* Work required
Return the listing below verbatim. Pictures do not belong in the copy.

-- Collected data follows --

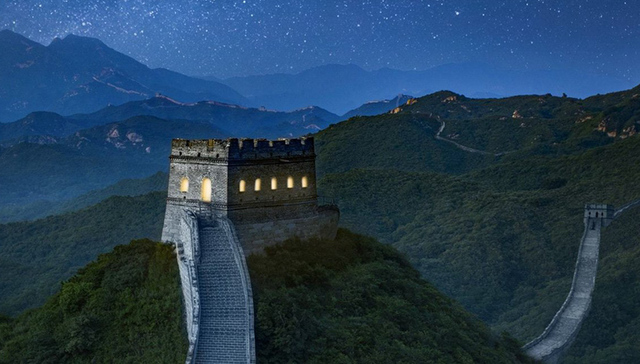 去长城上睡一晚的体验如何？Airbnb把新家安在了长城上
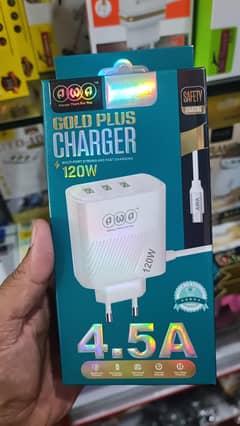 Fast charger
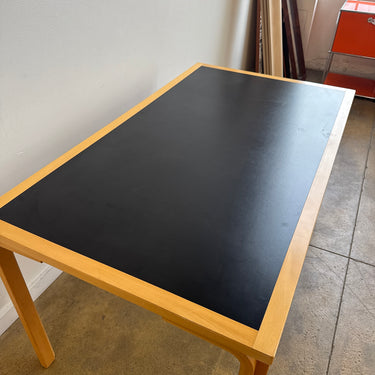Danish Modern Magnus Olesen Dining Table/ Desk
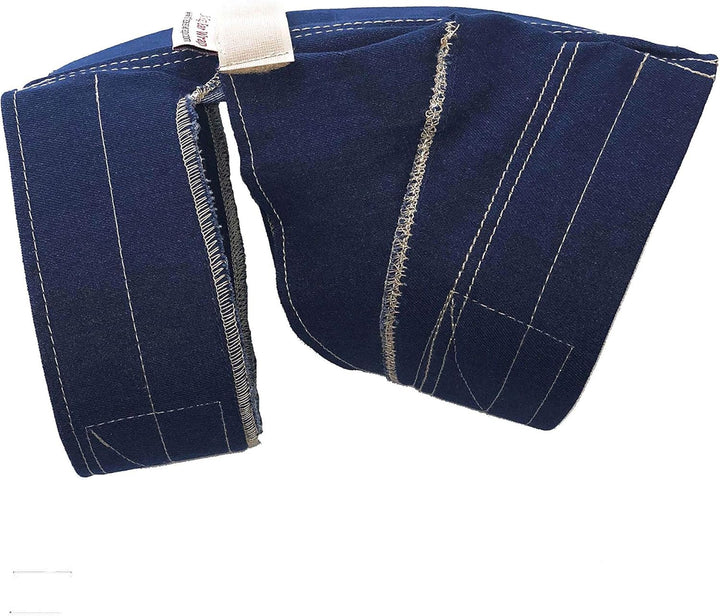 No Flap Ear Wrap (Xklein, Denim) Xklein Denim, Xklein Denim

-- Collected data concluded --

* Task response
 去长城上睡一晚的体验如何？Airbnb把新家安在了长城上
 Fast charger
Danish Modern Magnus Olesen Dining Table/ Desk
 No Flap Ear Wrap (Xklein, Denim) Xklein Denim, Xklein Denim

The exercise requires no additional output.